Estamos diante de sério problema jurídico-institucional. O Supremo Tribunal Federal está julgando uma ação em que a defesa alega a imprestabilidade das provas recolhidas pelo Ministério Público contra o réu. E dois ministros já acolheram a tese da defesa: a incompetência legal do Ministério Público para proceder à investigação de que resultou a ação. Diz-se que outros têm a mesma opinião.

O fundamento contra o procedimento do MP é de que a Constituição da República não lhe dá a incumbência da investigação criminal.

Como, então, o Ministério Público, que tem a incumbência da defesa da ordem jurídica, procedeu e vem procedendo a investigações que motivaram a ação referida e as apurações em curso? Em que fundamento legal apoiou-se o Ministério Público para essa atuação?

Foi, certamente, no seu direito/dever de se informar para requisitar a instauração do inquérito policial – item VIII do art. 129 da Constituição, em consonância com o disposto no item I do art. 26, da Lei Orgânica Nacional do Ministério Público, Lei n.º 8.625, de 12/2/93, que autoriza o MP, no exercício de suas funções, instaurar “outras medidas”, e o item II do art. 5.º do Código de Processo Penal, para instruir a requisição de abertura de inquérito policial.
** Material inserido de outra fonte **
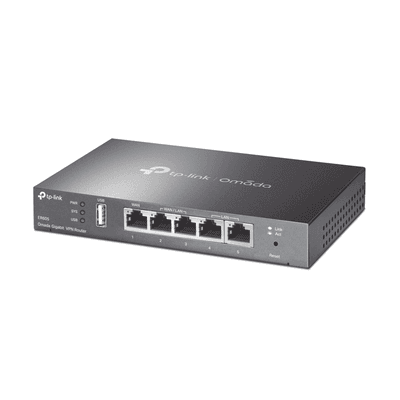TP-LINK ER605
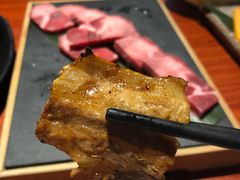 -山之屋炭火烧肉·生啤畅饮(大朗万科中央公园店)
Se o º 1.º desse art. 5.º do Código de Processo Penal exige que o requerimento do ofendido para o início do inquérito policial deve conter, sempre que possível, “a narração do fato, com todas as circunstâncias; a individuação do indiciado; a nomeação das testemunhas, com indicação de sua profissão e residência”, a mesma exigência cabe para a requisição a ser feita pelo Ministério Público. E daí, para instruir a requisição de instauração de inquérito policial, o Ministério Público pratica os atos relacionados nas letras a, b e c, do item I do art. 26 da sua Lei Orgânica:

a) expedir notificações para colher depoimento ou esclarecimentos e, em caso de não-comparecimento injustificado, requisitar condução coercitiva, inclusive pela Polícia Civil ou Militar, ressalvadas as prerrogativas em lei;

b) requisitar informações, exames periciais e documentos de autoridades federais, estaduais e municipais, bem como dos órgãos e entidades da administração direta, indireta ou fundacional de qualquer dos Poderes da União, dos Estados, do Distrito Federal e dos Municípios;

c) promover inspeções e diligências junto às autoridades, órgãos e entidades a que se refere a alínea anterior.

Como sabem os juristas, o comando de uma norma geralmente não está em um só dispositivo; é preciso encontrá-lo na unidade da norma e no sistema de que ela faz parte. É o caso. As determinações legais do exercício das funções do Ministério Público não estão simplesmente na generalidade do art. 127 da Constituição; estendem-se pelos dispositivos citados.

Os resultados das investigações preliminares que o Ministério Público tem feito, com sua independência e motivação funcional, justificam seu bom trabalho, que está conforme a lei.

A prevalecer no Supremo Tribunal Federal o entendimento de que o Ministério Público não pode proceder a essas investigações, ter-se-á um dano jurídico-institucional extraordinário com efeito negativo, no presente e no futuro, para o combate às fraudes e à corrupção.

O ministro Nelson Jobim bem que poderia ter inserido mais um parágrafo em seu discurso de posse: “A sociedade deseja que o Ministério Público continue realizando o bom trabalho que vem fazendo”.

J. Ribamar G. Ferreira é advogado e professor aposentado da Universidade Federal do Paraná.